Magazyny w związku z koronawirusem odwołują sesje zdjęciowe
Część redakcji korzysta ze zgromadzonych zapasów fotografii
Kolorowe magazyny przekładają sesje zdjęciowe w obliczu epidemii koronawirusa. Część redakcji korzysta ze zgromadzonych zapasów fotografii, inne planują alternatywne okładki.
Okładkowe sesje zdjęciowe odwołała Burda Media Polska, wydawca m.in. magazynów „Claudia”, „Elle” i „Glamour”. - Redakcje przygotowują alternatywne działania, umożliwiające stworzenie okładki dopasowanej do brandu oraz grupy odbiorczej – mówi „Presserwisowi” Luiza Arament, PR and internal communnication manager Burdy.
Problemu z sesjami nie ma Edipresse Polska, wydające m.in. magazyn „Viva!”. - Nasze okładki są w dużej części stworzone ze zdjęć agencyjnych. W przypadku tytułów, które robią sesje, na razie udało nam się przygotować na taką ewentualność i mamy zapasy sesji oraz okładek – mówi nam Agnieszka Smit, dyrektor ds. komunikacji i EB wydawnictwa.

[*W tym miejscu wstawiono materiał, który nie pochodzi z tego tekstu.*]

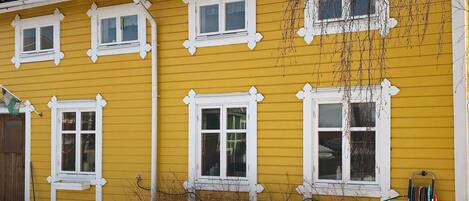 House | Exterior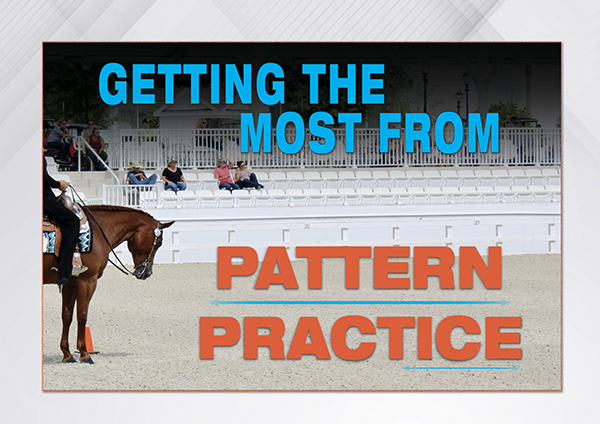 Getting The Most From Pattern Practice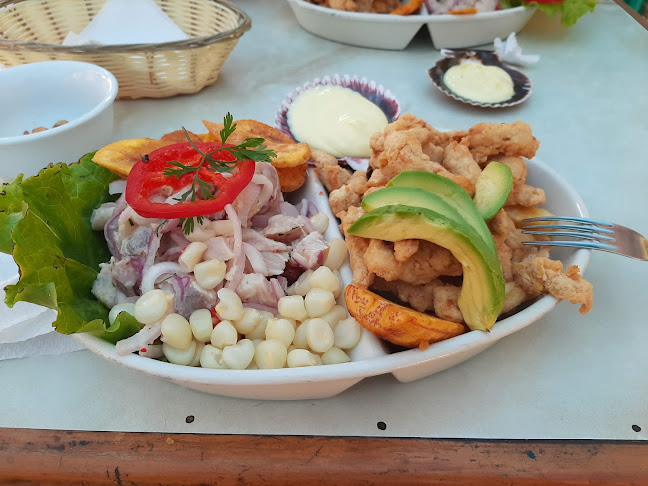 Cevicheria Punta Balcones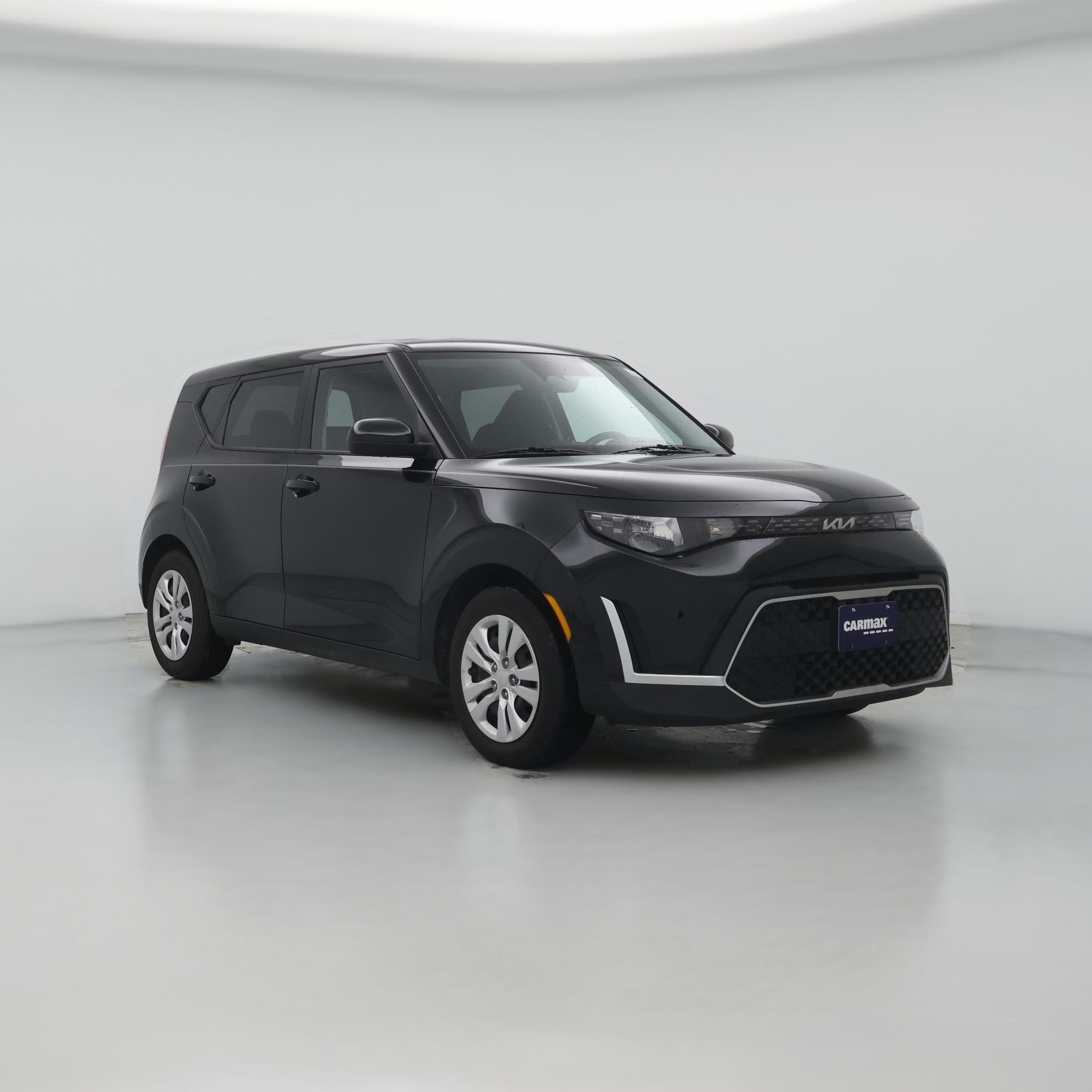 Thumbnail: 2024 Kia Soul - 1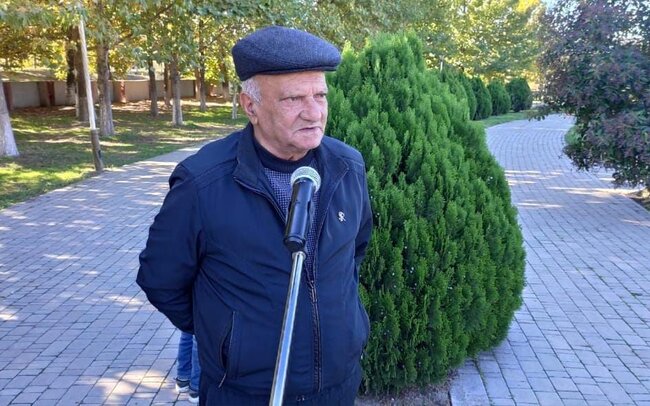 "Səyyar qəbul otağı" həftəlik işini Ağstafada yekunlaşdırdı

Dyrektor public relations Wydawnictwa Bauer Maciej Brzozowski także zapewnia, że redakcje poszczególnych magazynów mają zawsze przygotowane alternatywne rozwiązania. - Ale to dopiero początek tej trudnej drogi - przyznaje.

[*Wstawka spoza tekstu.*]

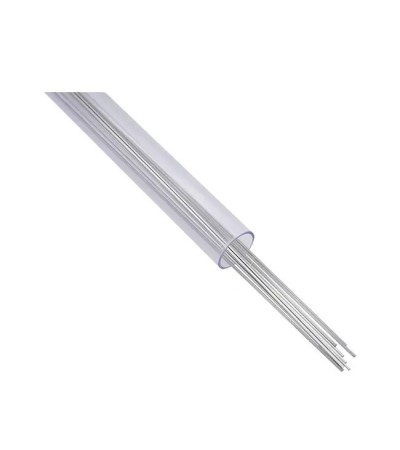 350 mm Uzun Düz Ark Teli -SS / TMA Straight Wire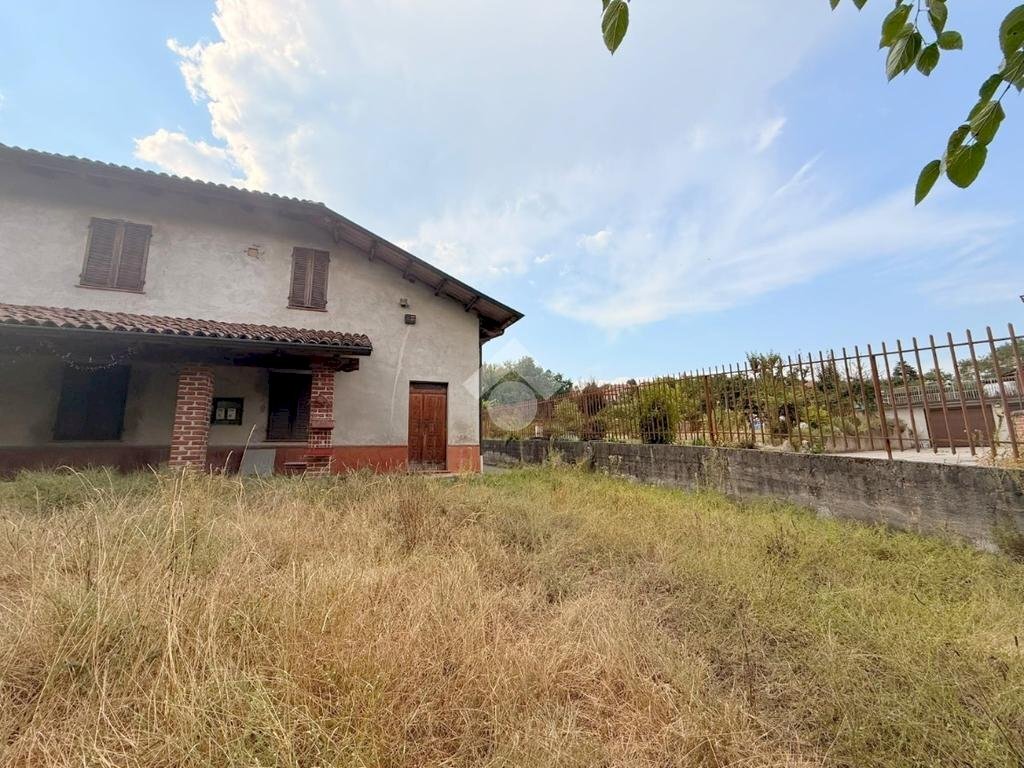 Villa Frazione Quarto Inferiore, Asti - foto 3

Wywiady telefonicznie lub przez komunikatory
- Sesje zaplanowane na najbliższe 2-3 tygodnie przenieśliśmy na dalsze terminy. Na razie nie ma to wpływu na nasze plany wydawnicze, bo z dużym wyprzedzeniem tworzymy sesje okładkowe i materiały do środka numeru. Korzystamy też z bogatego zaplecza Condé Nast. Jeśli sytuacja utrzyma się dłużej, na pewno będziemy musieli wprowadzić nowe rozwiązania – podkreśla Szymon Machnikowski, marketing and PR director Vogue Polska. Jak dodaje, wydawnictwo przygotowało też opcję darmowej dostawy magazynu do domu.
„Vogue Polska” na razie nie planuje zmian w związku z zamknięciem części punktów sprzedaży prasy. - Monitorujemy sytuację i reagujemy na bieżąco. O długofalowych decyzjach poinformujemy, jeśli tylko pojawią się dalsze zalecenia odnośnie do działalności punktów sprzedaży – mówi Machnikowski. Redakcja działa w trybie home office, do minimum ograniczono spotkania. Podobnie jest w Edipresse. - Wywiady będziemy robić telefoniczne, przez Skype lub inne komunikatory - mówi Agnieszka Smit.